Remember that graph with where the faults are? It's actually shows to be true here.
This shows for releases from 2.0 to HELIOS that from 66 to 93% of post release faults
were only again in 20% of the packages with an average of 81.
So it's only 20% of your packages that have 80% of all your post release bugs.
Another thing that we explored here is does the product line benefits from the reuse,
really? For three of the releases. I'm not showing the code churn graphs because there's
not enough time to go through all details, but you see here all the -- again, for different
levels of reuse, as in the previous study, one is used in only one product, two is used
in two products, and four is used in all four. You actually see although two releases, there's
a lot of code added. The post release fault density is very stable and very low.
So basically, anything that was preexisting tend to have stable fault density.
Now, for the newly developed packages that are not existing in the previous release,
the situation is really not that clear. You see some bars are much larger than others
so it's a lot of variability. Some, like in the last graph used in only
one component. In Helios we have 18 different packages and only two faults, but on the other
side, those that were reused between Java and JavaEE had a lot of faults.

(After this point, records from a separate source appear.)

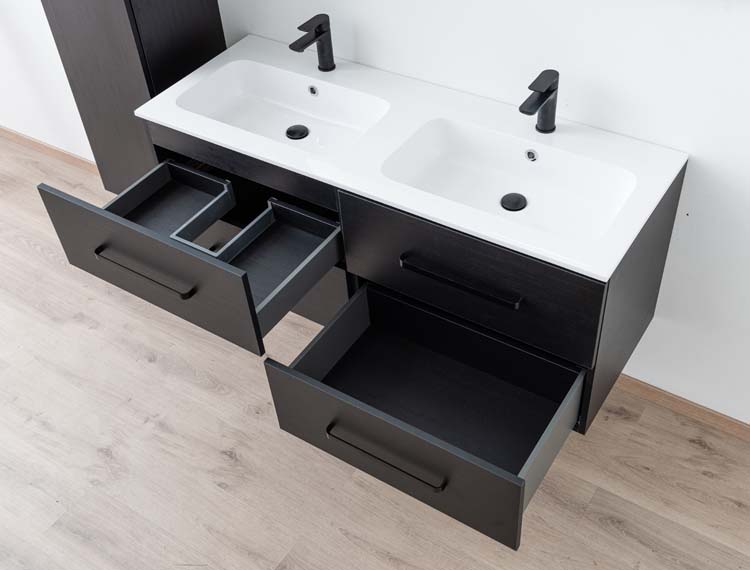 Meuble salle de bain Plato noir grain de bois 140cm - double - brillant - poignée mat noir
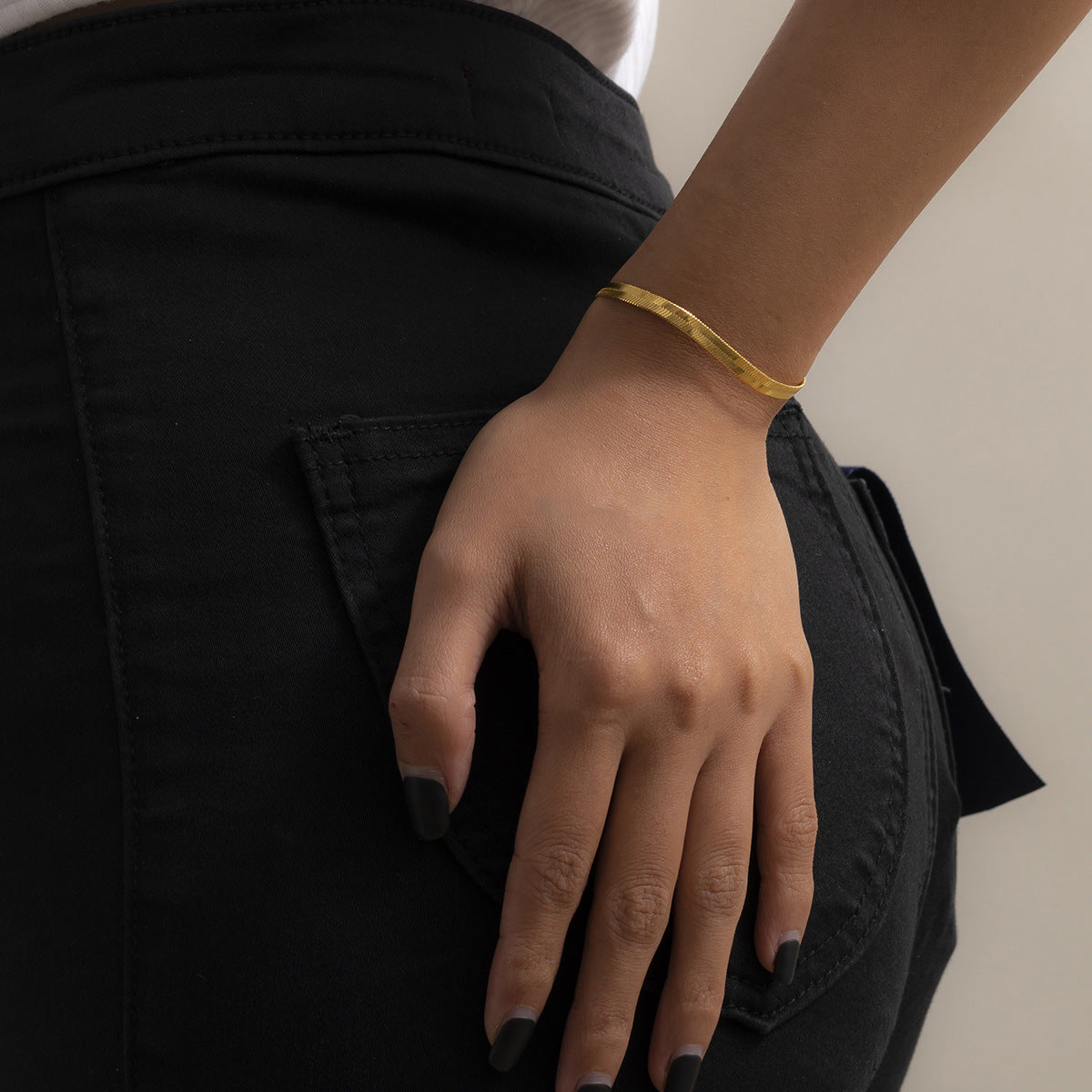 Women's Short Blade Chain Ethnic Style Flat Snake Bracelets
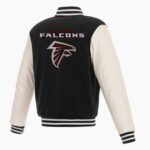 NFL Atlanta Falcons Letterman White and Black Jacket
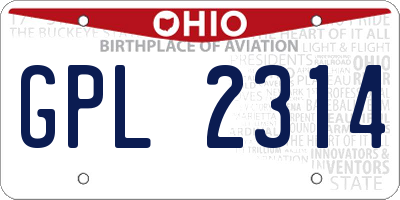 OH license plate GPL2314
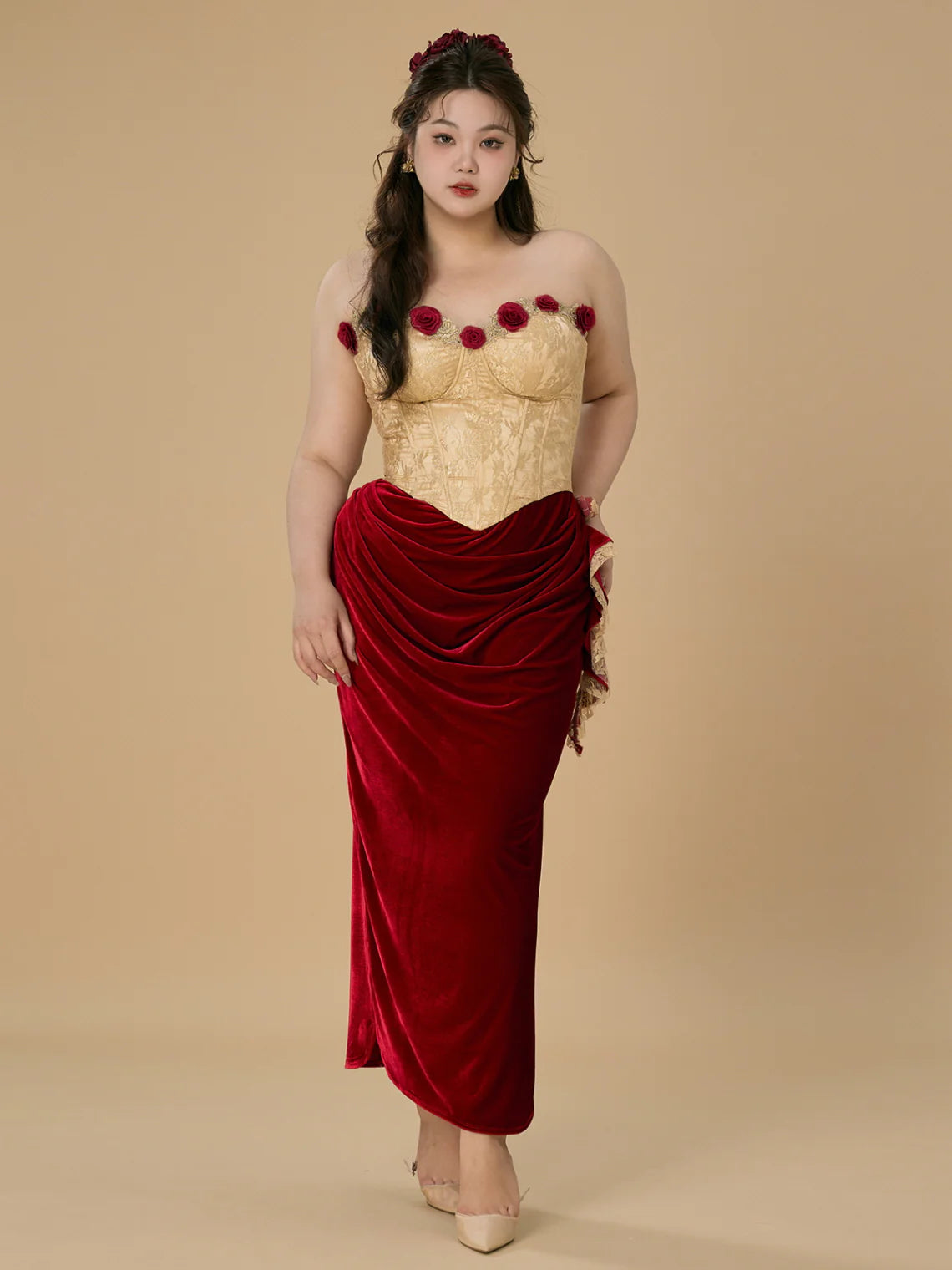 Rose Embellished Gold Corset Velvet Dress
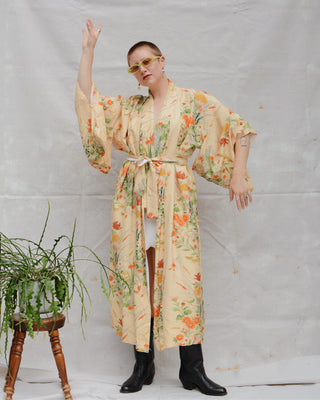 Gorgeous Lush Floral Silk Haori Maxi Kimono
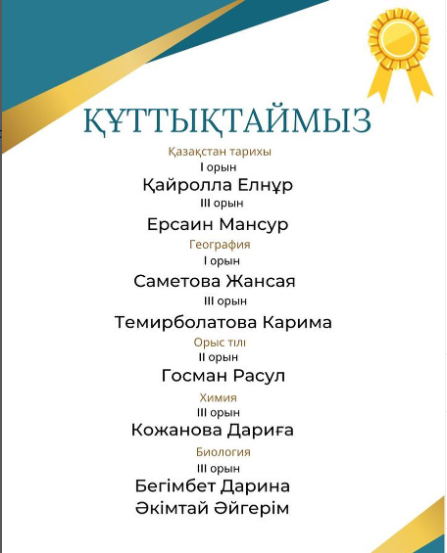 9-11 сыныптар арасында жалпы білім беретін пәндер бойынша республикалық олимпиаданың қалалық кезеңінің үшініш күнінің қорытындысы бойынша біздің мектеп жүлдегерлерін құттықтаймыз. Ұстаздарға алғысымызды білдіреміз.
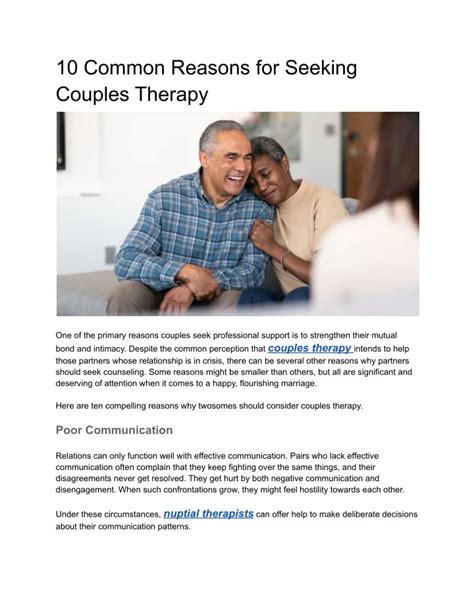 Ppt 10 Common Reasons For Seeking Couples Therapy Powerpoint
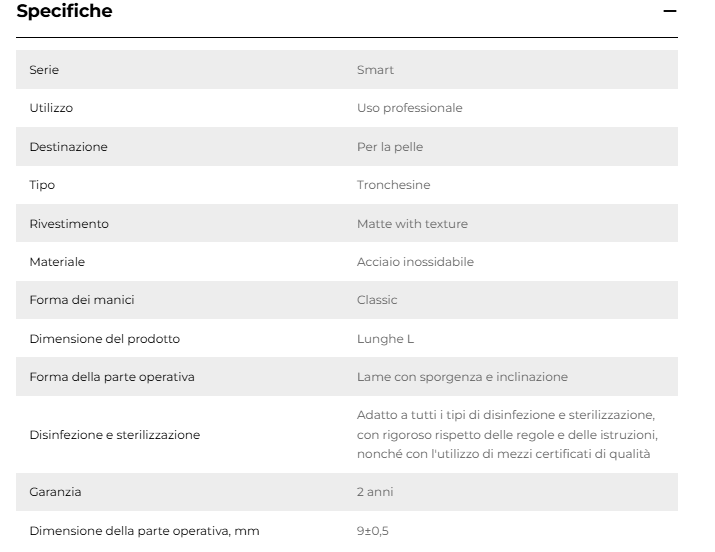 TRONCHESI PER PELLI - LINEA SMART 100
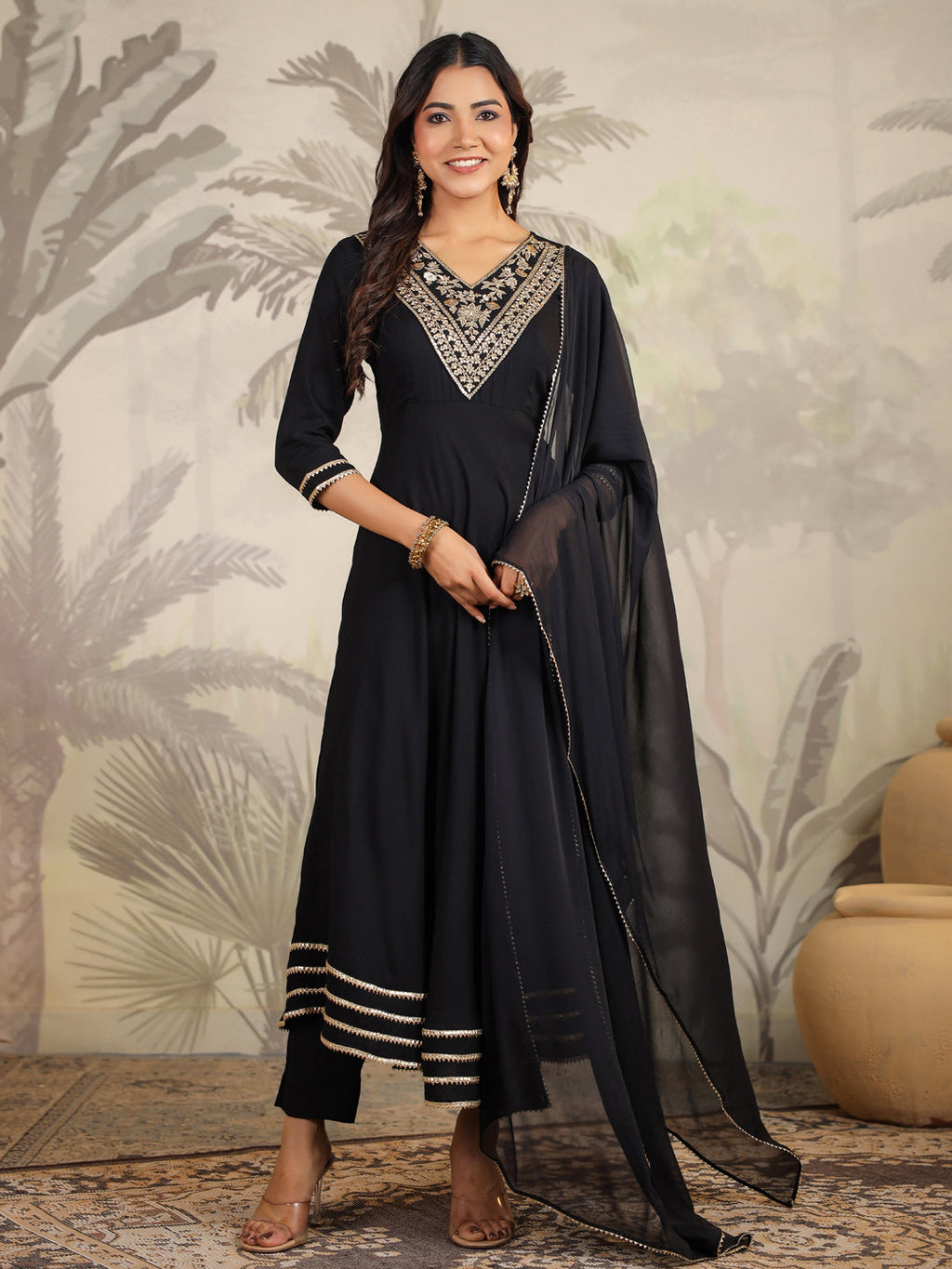Janasya Dark Rayon Embroidered Anarkali Kurta Set | Grocsy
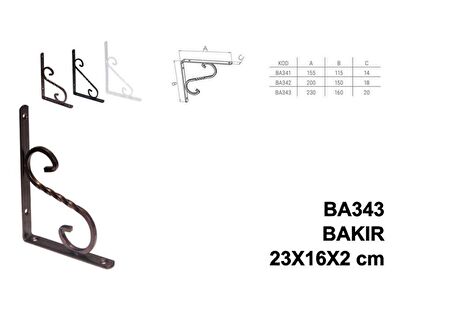 Beşel Perforje Raf Altı Raf Demiri Parlak Bakır 23x16x2 cm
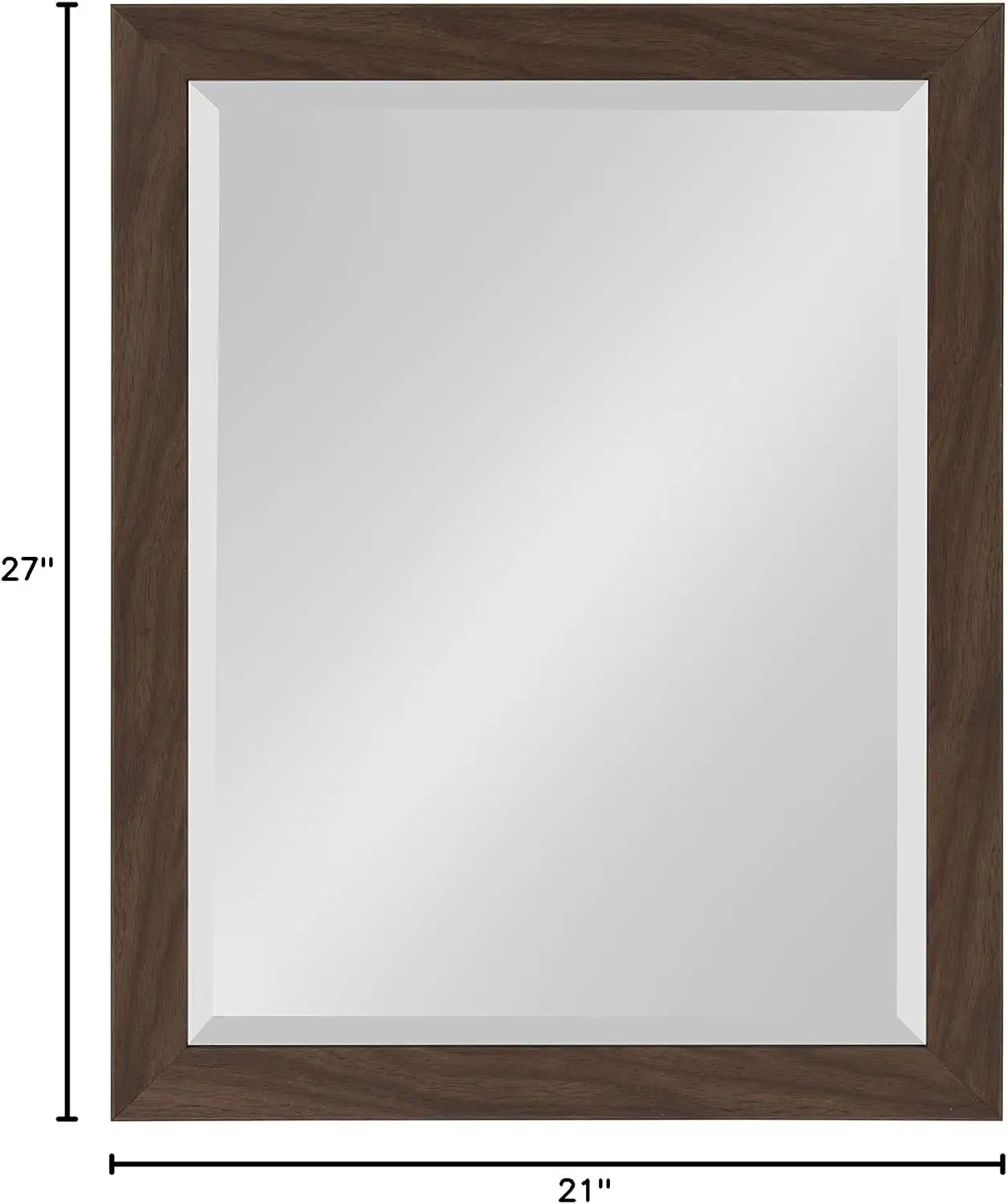 Beatrice Framed Mirror. 22x28". Walnut Brown. Farmhouse Style. Bathroom Vanity Mirror. Over Sink. Rustic Entryway Mirror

A general idea here seems to be that things that are shared between two products tend
to be more fault prone than those that are used only in one. Maybe because of adjustments
needed. But this is not large enough sample here to -- there's not too many new packages
to really draw some conclusions. And by that method, this is a characteristic
of a long tail, heavy tail distribution. You have many good things and then one or two
that are really, really very bad. Same lining with insurance claims. You have
many small insurance claims, but one or two that are really, really very bad. And what
we care about here is to be able to predict those that are really bad, because that's
how we can efficiently put our resources. And more importantly, for this study what
we are trying to do, as I said from the metrics, we are trying to use prerelease data -- actually,
we are building a model on the previous release, which is machine learning model. We specifically
used generalized linear regression models to predict number of prerelease faults on
the next release from the prerelease data. So it's pretty much before you release your
software, can you tell what are going to be the most fault prone parts of it. And if you
can, then how you do the testing more efficiently to prevent that.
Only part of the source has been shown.